Qualifications

Qualifications

If you're the president of a successful niche food company, nobody's going to be asking to see your résumé, because you're the one making the rules here. You're the one asking to see their résumés. How about that? Take that, Coach Malarky. Who doesn’t have the makings of a college ballplayer now?

Ahem. It's true though. If you've got the hustle and the skills to move product, what are they gonna say? You can't argue with cash. That said, what does it take to be able to make it in this field? There's no set formula, but we've got some ideas.

For one, you need a healthy cache of business savvy. That means experience in marketing, accounting, and management, or finding some employees who can help with those things. A degree in one of those concerns wouldn't hurt.
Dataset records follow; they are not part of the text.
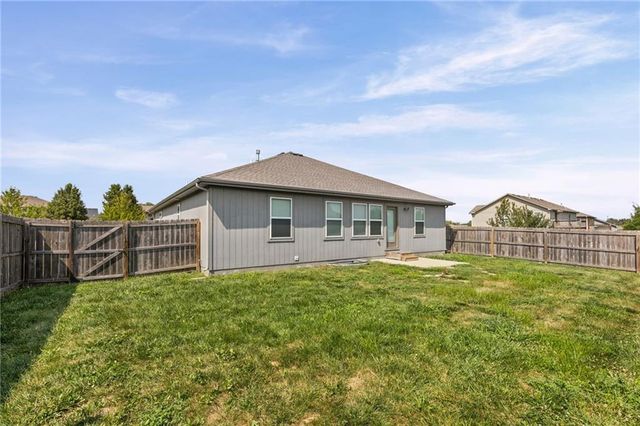 31855 W 171st Street, Gardner, KS 66030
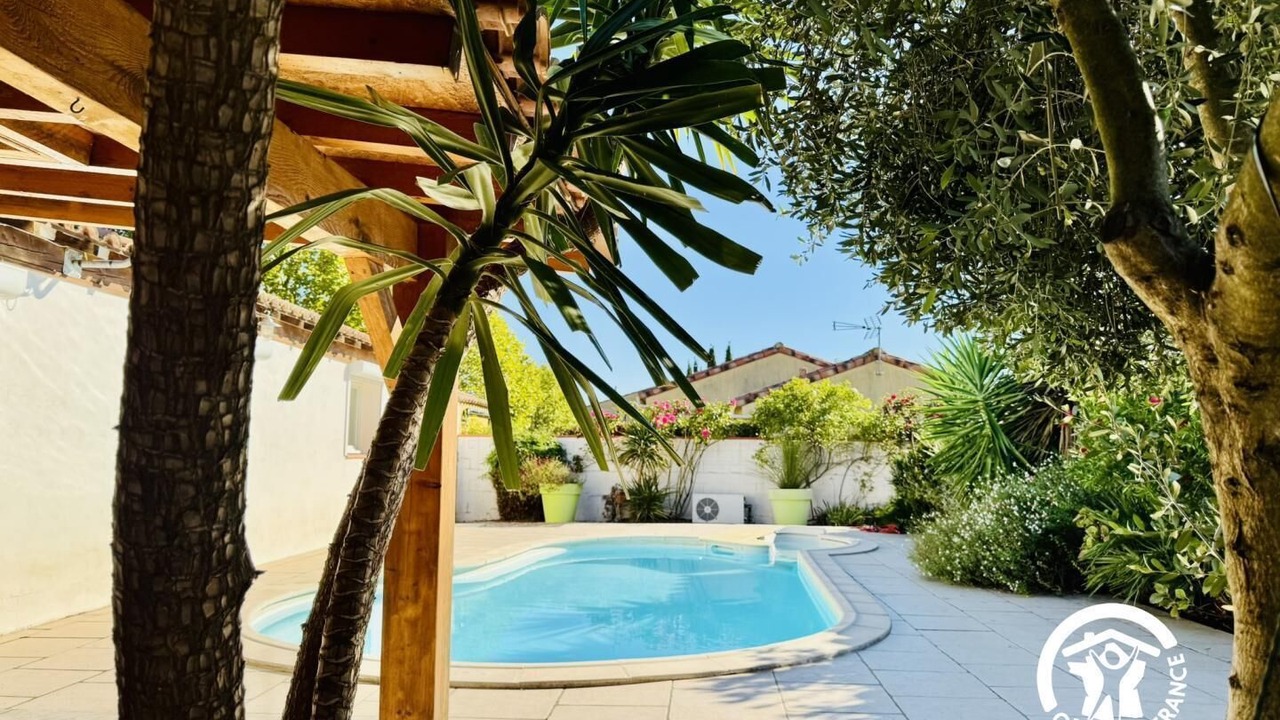 Photo of Outdoor in Rieux-Minervois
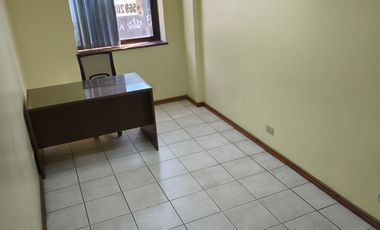 VENDO OFICINA EN CENTRO DE COQUIMBO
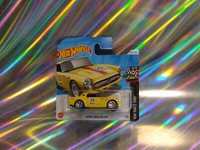 Hot Wheels ´68 Honda S800 Racing / 2024 Hw Race Day 10/10 Ovp Neu 1:64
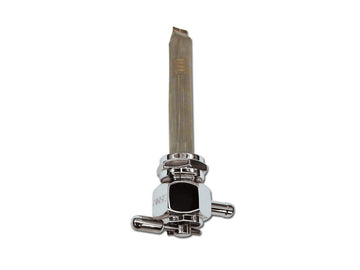Harley Davidson - Valve de carburant à haut volume E Chrome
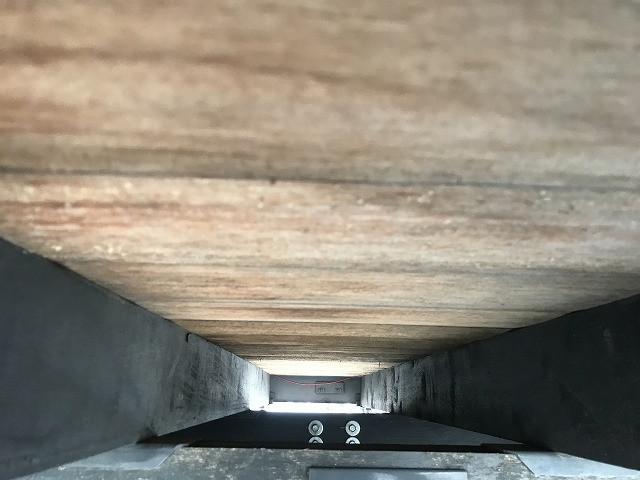 いすゞ フォワード TKG-FRR90S2(2WD)の写真46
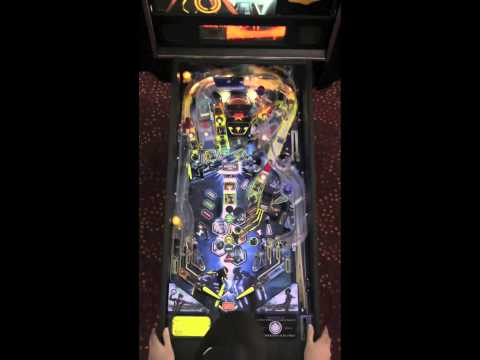 PAPA 14 World Pinball Championships Qualifying - Tron Legacy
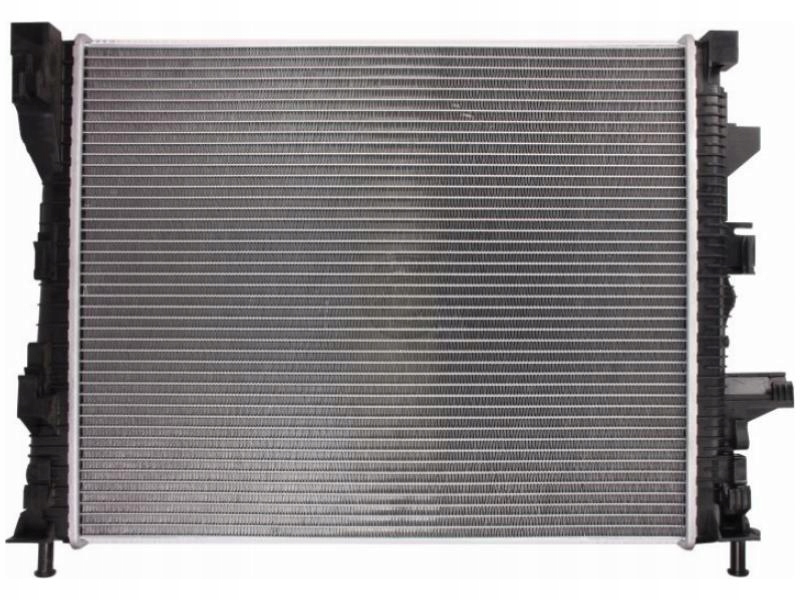 CHŁODNICA NRF 550050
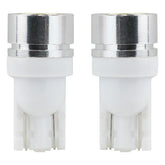 Bombilla LED T10 W5W 1W 12V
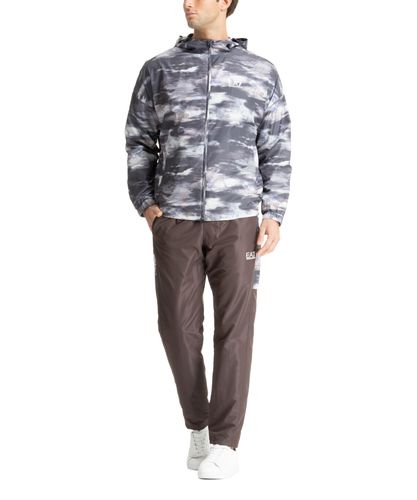 Ventus 7 Tracksuit - EA7 Emporio Armani - Modalova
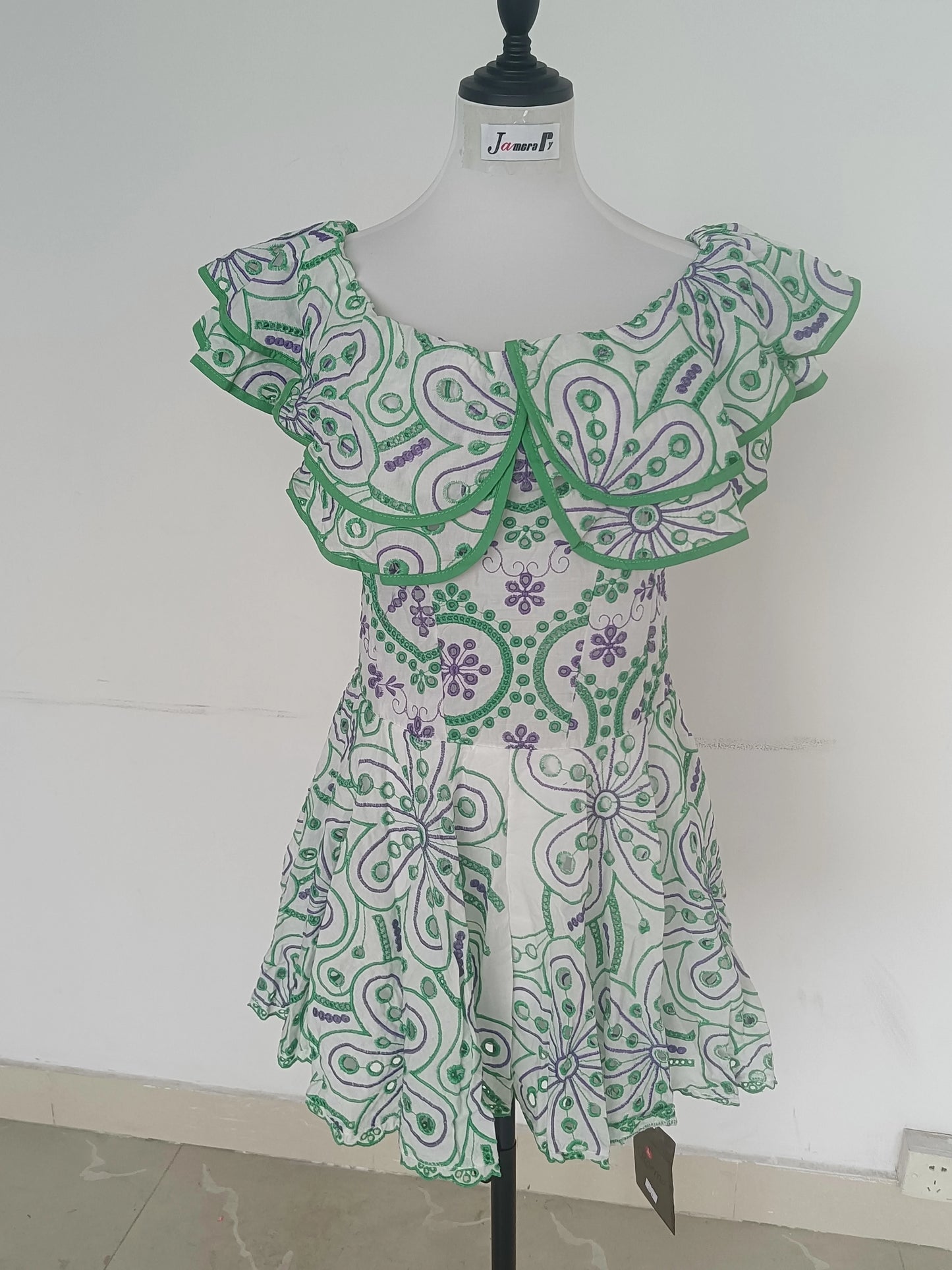 robe d'été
Business acumen also means keeping up to date with compliance and tax hurdles—the oft overlooked necessities can swiftly and abruptly end your niche food entrepreneurial hopes if not dealt with properly.

Next, there are the people skills: charisma, for schmoozing business folks and early customers; a good memory, for faces and for details of the business; and style, in the form of understanding the cultural trends that'll keep you cool and relevant within your niche.

Finally, you're probably going to need Spartan-warrior-like resilience. Remember what we were saying earlier about nine out of ten startups failing? It likely won't be a quick, easy road to fortune as the Gourmet Pretzel Prince of the Pacific Northwest.

Entrepreneurship is the original school of hard knocks. Sometimes you might just feel like a hapless salmon swimming upstream. But swim hard, little fishy. There's a mighty cash reward up that stream if you can manage to get there.